Hacker News new | past | comments | ask | show | jobs | submit login

I’m impressed that it’s multimodal and includes audio. GPT-4V doesn’t include audio afaik.

Also I guess I don’t see it as critical that it’s a big leap. It’s more like “That’s a nice model you came up with, you must have worked real hard on it. Oh look, my team can do that too.”

Good for recruiting too. You can work on world class AI at an org that is stable and reliable.

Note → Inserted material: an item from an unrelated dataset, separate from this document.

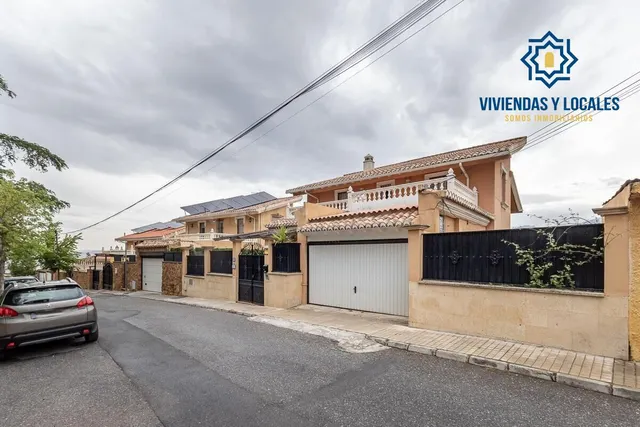 Espectacular Casa de Lujo en Urbanización Los Cerezos - foto 5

That’s different. It’s essentially using whisper model for audio to text and that inputs to ChatGPT.

Multimodal would be watching YouTube without captions and asking “how did a certain character know it was raining outside?” Based on rain sound but no image of rain


I don't know if it's related to Gemini, but Bard seems to be able to do this by answering questions like "how many cups of sugar are called for in this video". Not sure if it relies on subtitles or not.

From https://bard.google.com/updates:

> Expanding Bard’s understanding of YouTube videos

> What: We're taking the first steps in Bard's ability to understand YouTube videos. For example, if you’re looking for videos on how to make olive oil cake, you can now also ask how many eggs the recipe in the first video requires.

> Why: We’ve heard you want deeper engagement with YouTube videos. So we’re expanding the YouTube Extension to understand some video content so you can have a richer conversation with Bard about it.


Interesting. Will take Bard for a spin.


Ah that’s right. I guess my question is, is it a true multimodal model (able to produce arbitrary audio) or is it a speech to text system (OpenAI has a model called Whisper for this) feeding text to the model and then using text to speech to read it aloud.

Though now that I am reading the Gemini technical report, it can only receive audio as input, it can’t produce audio as output.

Still based on quickly glancing at their technical report it seems Gemini might have superior audio input capabilities. I am not sure of this though now that I think about it.


One of the demo videos explicitly addresses this point: https://youtu.be/D64QD7Swr3s?si=_bBa9aPmqGbo-Iej


Oh that’s actually pretty good then. It also seems it does output audio despite the PDF from google I was reading saying otherwise. Hmm.


Google is stable and reliable?


They can certainly pretend they are for hiring purposes. Compared to a company that fired their CEO, nearly had the whole company walk out, then saw the board ousted and the CEO restored google does look more reliable.

Just don’t speak to xooglers about it. ;)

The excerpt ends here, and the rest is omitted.